Лейдиг взглядом показал Тойеру на трех женщин – те в странной отрешенности гладили один и тот же камень, рядом с ними на доске сидел, скрестив ноги, толстый мужчина; вздыхая, он набирал горстями песок и высыпал его сквозь пальцы. Чуть дальше из ржавого крана текла струйка воды, а тоненькая девушка, сложив ладони ковшиком, ловила влагу и медленно ее выливала.
– Что там внутри? – с отвращением спросил Хафнер. – Нам что, придется раздеваться?
Но они все еще не добрались до замка. Им пришлось идти по тропе, причудливо петлявшей вокруг самодельных деревянных щитов с цитатами из мыслителя Рудольфа Штейнера. Никто из полицейских не был сведущ в антропософии. Они знали только, что вальдорфская школа в Гейдельберге расположена в неприятной близости от предприятия по переработке бытовых отходов. Однако многократное упоминание «духовного взора» вызвало у Тойера сопротивление, которое обычно возникало лишь при общении с живыми людьми. Он слишком ясно осознал, что безумие еще не искоренено. И поэтому тут же взревел:
– Почему мы, собственно, должны брести как идиоты по этой тропе?
Хафнер подошел к последнему щиту, погасил окурок об украшенную завитушками букву «Т» в торжественно выделенном слове «Теософия» и заявил, что теперь все хорошо. Лейдиг напомнил ему: раз уж им приходится выдавать себя за обычных посетителей, лучше не безобразничать.
– Верно, не надо наглеть, – печально подтвердил Тойер. – Любовь – самое важное. Это поистине так. Поистине так, мать вашу. – Он присел было на какое‑то бронзовое сооружение, но проворно вскочил – это оказались песочные часы с агрессивно заостренными краями.
– Эй, дикари!
Тойер обернулся. Перед ним стоял рыжий косматый парень в пестрой, слишком просторной одежде и улыбался так, как умеют только люди, познавшие необычайно важную, просто великую истину: завсегдатаи церковных собраний, уфологи, исламисты и сторонники домашних родов.

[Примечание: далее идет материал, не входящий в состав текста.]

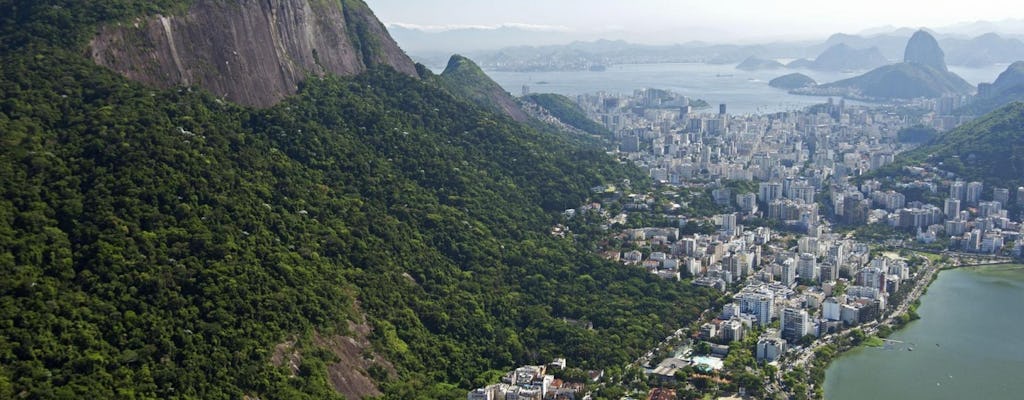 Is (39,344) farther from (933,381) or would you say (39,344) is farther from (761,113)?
(761,113)

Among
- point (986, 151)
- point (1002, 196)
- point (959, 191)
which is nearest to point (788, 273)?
point (959, 191)

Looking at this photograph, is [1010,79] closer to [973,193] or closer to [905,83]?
[905,83]

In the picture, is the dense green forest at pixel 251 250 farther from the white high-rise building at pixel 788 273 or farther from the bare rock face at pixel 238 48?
the white high-rise building at pixel 788 273

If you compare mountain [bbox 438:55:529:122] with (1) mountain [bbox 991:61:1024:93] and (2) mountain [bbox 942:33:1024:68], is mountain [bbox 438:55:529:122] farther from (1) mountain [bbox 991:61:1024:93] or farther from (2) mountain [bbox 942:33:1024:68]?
(2) mountain [bbox 942:33:1024:68]

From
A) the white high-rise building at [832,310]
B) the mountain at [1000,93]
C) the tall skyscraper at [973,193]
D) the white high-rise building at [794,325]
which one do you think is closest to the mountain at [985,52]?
the mountain at [1000,93]

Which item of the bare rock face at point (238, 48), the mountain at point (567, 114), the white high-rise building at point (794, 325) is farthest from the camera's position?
the mountain at point (567, 114) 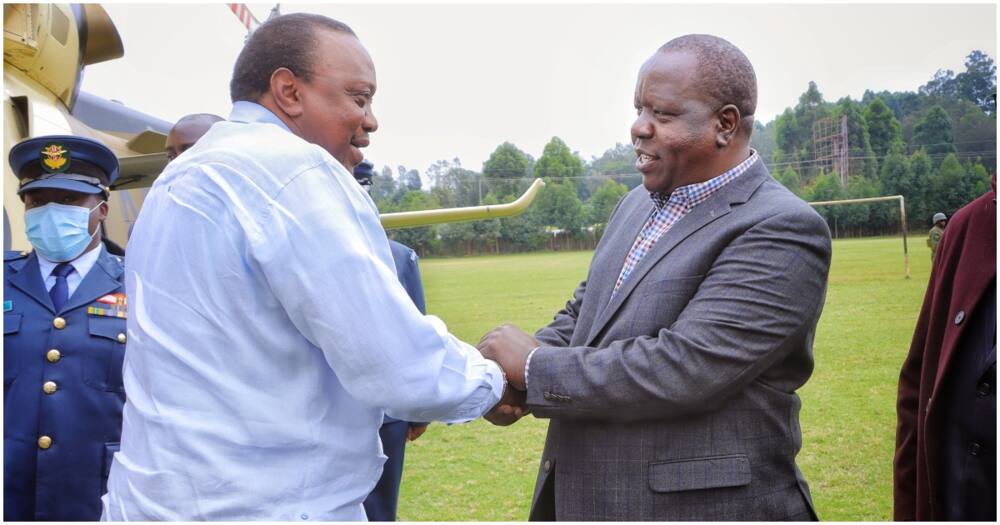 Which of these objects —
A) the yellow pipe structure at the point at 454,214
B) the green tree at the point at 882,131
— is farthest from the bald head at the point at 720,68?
the green tree at the point at 882,131

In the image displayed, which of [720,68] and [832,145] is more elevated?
[720,68]

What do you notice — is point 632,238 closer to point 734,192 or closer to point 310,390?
point 734,192

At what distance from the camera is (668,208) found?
2.22 m

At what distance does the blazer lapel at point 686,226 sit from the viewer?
2.06 metres

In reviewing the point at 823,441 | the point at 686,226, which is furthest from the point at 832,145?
the point at 686,226

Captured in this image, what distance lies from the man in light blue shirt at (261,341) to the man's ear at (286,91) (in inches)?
6.9

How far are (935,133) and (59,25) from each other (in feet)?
82.0

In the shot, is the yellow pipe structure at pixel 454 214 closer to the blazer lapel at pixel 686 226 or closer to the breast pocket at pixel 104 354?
the breast pocket at pixel 104 354

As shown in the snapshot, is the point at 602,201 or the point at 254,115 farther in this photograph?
the point at 602,201

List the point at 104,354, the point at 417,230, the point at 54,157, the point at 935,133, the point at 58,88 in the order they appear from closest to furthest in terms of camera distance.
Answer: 1. the point at 104,354
2. the point at 54,157
3. the point at 58,88
4. the point at 935,133
5. the point at 417,230

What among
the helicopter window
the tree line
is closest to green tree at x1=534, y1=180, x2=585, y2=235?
the tree line

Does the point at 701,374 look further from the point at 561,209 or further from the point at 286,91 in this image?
the point at 561,209

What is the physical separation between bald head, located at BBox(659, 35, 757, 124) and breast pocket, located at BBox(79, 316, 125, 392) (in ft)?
7.25

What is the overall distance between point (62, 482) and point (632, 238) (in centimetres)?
213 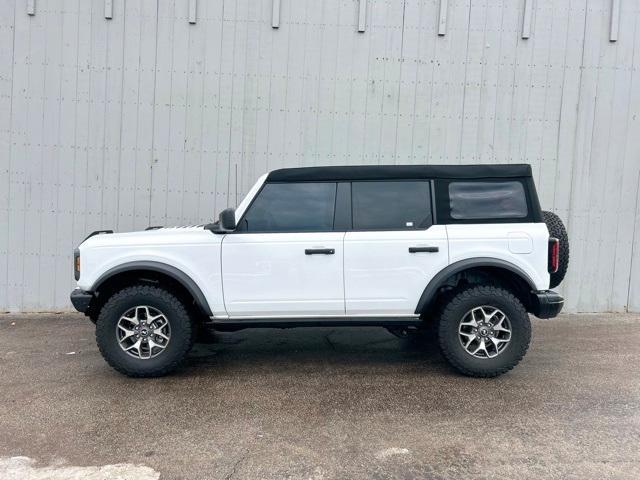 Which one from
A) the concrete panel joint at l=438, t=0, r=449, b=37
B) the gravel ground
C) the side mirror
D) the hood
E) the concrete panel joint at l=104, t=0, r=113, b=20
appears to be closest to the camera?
the gravel ground

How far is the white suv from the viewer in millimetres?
4395

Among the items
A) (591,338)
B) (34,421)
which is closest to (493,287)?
(591,338)

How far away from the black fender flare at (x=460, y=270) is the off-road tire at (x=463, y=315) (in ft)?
0.64

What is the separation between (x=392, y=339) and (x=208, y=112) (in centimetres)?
396

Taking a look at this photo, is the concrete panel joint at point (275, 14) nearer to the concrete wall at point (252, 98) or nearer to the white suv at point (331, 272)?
the concrete wall at point (252, 98)

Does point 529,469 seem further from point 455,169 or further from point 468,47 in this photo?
point 468,47

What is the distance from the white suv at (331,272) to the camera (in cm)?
439

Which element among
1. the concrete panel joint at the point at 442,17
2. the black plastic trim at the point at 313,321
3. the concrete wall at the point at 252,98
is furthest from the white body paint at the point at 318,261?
the concrete panel joint at the point at 442,17

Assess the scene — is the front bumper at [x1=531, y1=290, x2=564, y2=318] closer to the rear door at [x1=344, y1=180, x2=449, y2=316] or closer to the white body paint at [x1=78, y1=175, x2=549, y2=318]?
the white body paint at [x1=78, y1=175, x2=549, y2=318]

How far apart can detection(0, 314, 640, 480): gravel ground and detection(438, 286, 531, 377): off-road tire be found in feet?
0.49

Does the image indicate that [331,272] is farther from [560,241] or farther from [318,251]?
[560,241]

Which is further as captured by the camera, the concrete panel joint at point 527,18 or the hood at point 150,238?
the concrete panel joint at point 527,18

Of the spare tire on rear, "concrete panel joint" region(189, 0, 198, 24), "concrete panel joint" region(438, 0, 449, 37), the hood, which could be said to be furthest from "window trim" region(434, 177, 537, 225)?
"concrete panel joint" region(189, 0, 198, 24)

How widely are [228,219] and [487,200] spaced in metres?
2.33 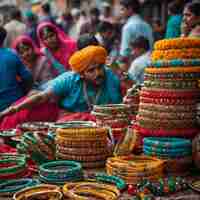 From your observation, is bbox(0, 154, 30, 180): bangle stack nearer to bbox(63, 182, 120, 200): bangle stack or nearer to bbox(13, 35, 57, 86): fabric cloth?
bbox(63, 182, 120, 200): bangle stack

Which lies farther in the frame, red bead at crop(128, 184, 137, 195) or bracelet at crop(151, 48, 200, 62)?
bracelet at crop(151, 48, 200, 62)

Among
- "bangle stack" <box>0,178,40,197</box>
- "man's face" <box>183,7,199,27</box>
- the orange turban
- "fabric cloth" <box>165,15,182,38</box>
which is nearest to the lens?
"bangle stack" <box>0,178,40,197</box>

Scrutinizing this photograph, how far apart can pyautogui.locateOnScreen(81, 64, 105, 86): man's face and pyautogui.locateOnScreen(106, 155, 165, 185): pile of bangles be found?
1.35 metres

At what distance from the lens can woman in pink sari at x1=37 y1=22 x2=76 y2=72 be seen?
598 cm

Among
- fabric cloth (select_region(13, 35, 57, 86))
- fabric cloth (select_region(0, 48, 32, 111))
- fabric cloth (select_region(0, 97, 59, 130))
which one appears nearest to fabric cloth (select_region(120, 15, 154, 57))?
fabric cloth (select_region(13, 35, 57, 86))

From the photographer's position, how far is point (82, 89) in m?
4.20

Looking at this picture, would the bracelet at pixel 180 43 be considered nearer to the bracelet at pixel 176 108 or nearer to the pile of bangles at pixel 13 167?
the bracelet at pixel 176 108

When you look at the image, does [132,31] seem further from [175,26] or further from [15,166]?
[15,166]

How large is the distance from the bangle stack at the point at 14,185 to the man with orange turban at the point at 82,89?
1.40m

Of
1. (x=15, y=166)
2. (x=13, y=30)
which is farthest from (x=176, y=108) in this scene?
(x=13, y=30)

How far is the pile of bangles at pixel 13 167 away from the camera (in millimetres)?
2709

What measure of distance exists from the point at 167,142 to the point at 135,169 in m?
0.33

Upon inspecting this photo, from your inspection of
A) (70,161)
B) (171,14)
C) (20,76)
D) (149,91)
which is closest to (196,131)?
(149,91)

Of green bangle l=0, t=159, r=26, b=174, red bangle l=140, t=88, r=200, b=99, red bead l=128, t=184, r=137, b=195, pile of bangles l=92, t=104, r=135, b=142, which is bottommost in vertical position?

– Слушай, – прошепелявил парень и положил руку на плечо Тойера. – Мне понравилось, что ты сейчас сказал. Но гнев тоже должен существовать. Гнев комплементарен, он дополняет покой. Мы тут мыслим комплементарно. Мне понравилось, что ты сказал.
– А мне нет, – устало возразил удостоившийся похвалы сыщик.
– Мне тоже нет, – раздраженно добавил Штерн.
– Вы что, группа? Вы записывались?
– А нужно записываться? – совсем не профессионально спросил гаупткомиссар.
– Да, у нас тут не кино и не цирк, мы стремимся упорядочить посещение. Духовный опыт вместо бездушного потребления. Восприятие. Участие всех органов чувств.
Тойер оглянулся на петляющую тропу, которая привела его в бешенство, и молча кивнул.
– Мы записывались, – хладнокровно солгал Лейдиг. – Уже давно.
– А‑а, ну тогда идемте. – Парень танцующей походкой взбежал по ступенькам к порталу замка. – Я Матиас.
Наверху стояла школьная доска. На ней претенциозным, витиеватым почерком были записаны группы посетителей на этот день.
14 часов: Коллегия вальдорфской школы, г. Мангейм
– Мангеймцы, – пробурчал Хафнер. – Час от часу не легче.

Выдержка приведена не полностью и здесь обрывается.